2.3 : Teacher Action

Your first task is to gather open-ended materials.

You may already use materials in your setting, so you can either take action to gather more materials, or perhaps to organize the materials that you already have. Remember the age group that you are working with, and also think about the expectations that you have for children's play. If the items are delicate (a piece of moss, a mirror), what are your expectations around those items? Think about how you are framing the experience, and the materials, for children.

The focus here is on free, or very low cost, materials. In the prompts and provocations section of the course, you'll see the tendency towards the reusable and the temporary: rather than gluing or taping or painting, these materials, much of the time, are meant to be reused. Things will happen where materials can't be used again, of course.

 

Look around your own home and classroom.

There are interesting materials everywhere, and you can gather your first items by looking into your junk drawer, your recycling bin, your closet, your garage. Many of my favorite items come from things I set aside at my house: interesting plastic packaging from a new item, plastic bottlecaps, cardboard of all sizes, handfuls of nuts and bolts - you'll be surprised at what you can find in your own home.

 

Involve Families.

This is a double win: children get excited about helping to source materials, and families are part of the journey to understanding the value of using open-ended materials with children.
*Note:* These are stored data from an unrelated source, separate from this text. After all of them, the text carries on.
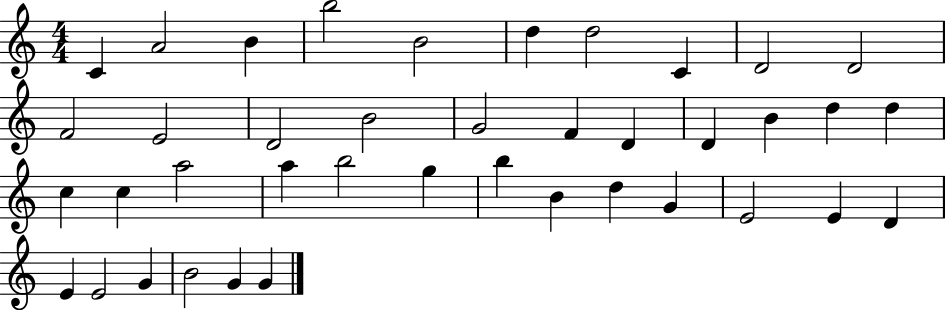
X:1
T:Untitled
M:4/4
L:1/4
K:C
C A2 B b2 B2 d d2 C D2 D2 F2 E2 D2 B2 G2 F D D B d d c c a2 a b2 g b B d G E2 E D E E2 G B2 G G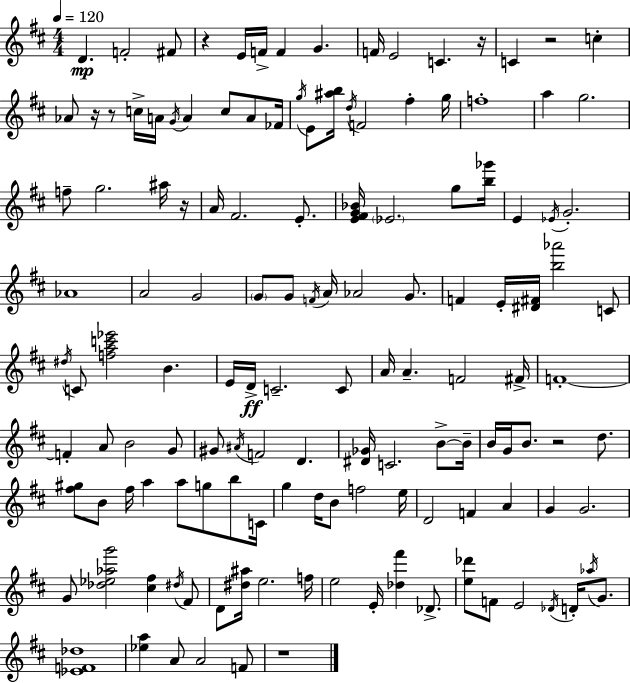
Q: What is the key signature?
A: D major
Think of a few simple items that you might want to begin with - nuts and bolts, for example - and ask parents to look for any unwanted items at home, with their children. Years ago, I worked with a teacher who requested tea boxes, and she ended up with hundreds! You can gather all of the children together to open the bags and sort the materials, engaging children in the ownership and excitement around loose parts. Follow up with parents with photos and stories of children at play with the materials to illustrate constructivism.

 

Go to the Hardware Store.

The hardware store has become one of my favorite places for loose parts. In particular, Reuse hardware stores are gold mines for interesting materials, often items that are being taken out of the waste cycle when people donate construction materials that otherwise might have been thrown away. A google search for reuse hardware store and your location will likely bring up a variety of places in your city or state. Some of my favorite hardware store items are doorknob caps, electric fence insulators, light switch plates, tile spacers, drawer pulls, and giant bolts.

 

Go to the Art Reuse Store.

Along the same lines as construction/hardware reuse stores, art reuse stores, or scrap stores. These stores, like their construction counterparts, take items out of the waste cycle to give them new life. Items are often sourced from factories or local industry, or by community donation. A comprehensive listing can be found here.

Go Outside with Children.

Rocks, pinecones, twigs, moss, leaves - there are plenty of wonderful natural materials for you to explore with children!  Head outside to play and observe, and gather a few favorite things to being back to the classroom.

The Dollar Store.

1000 straws? 100 tiny plastic figurines? 12 rolls of crepe paper? These are exciting things for children to have control over! Remember, we are not just looking for delicate things to move around a tabletop: we are looking for items that will engage children.  Rulers, marbles, masks - what can you find that will still allow children to make decisions about their play?

Observe Children at Play.

What kinds of materials are children drawn to?  What are children naturally repurposing?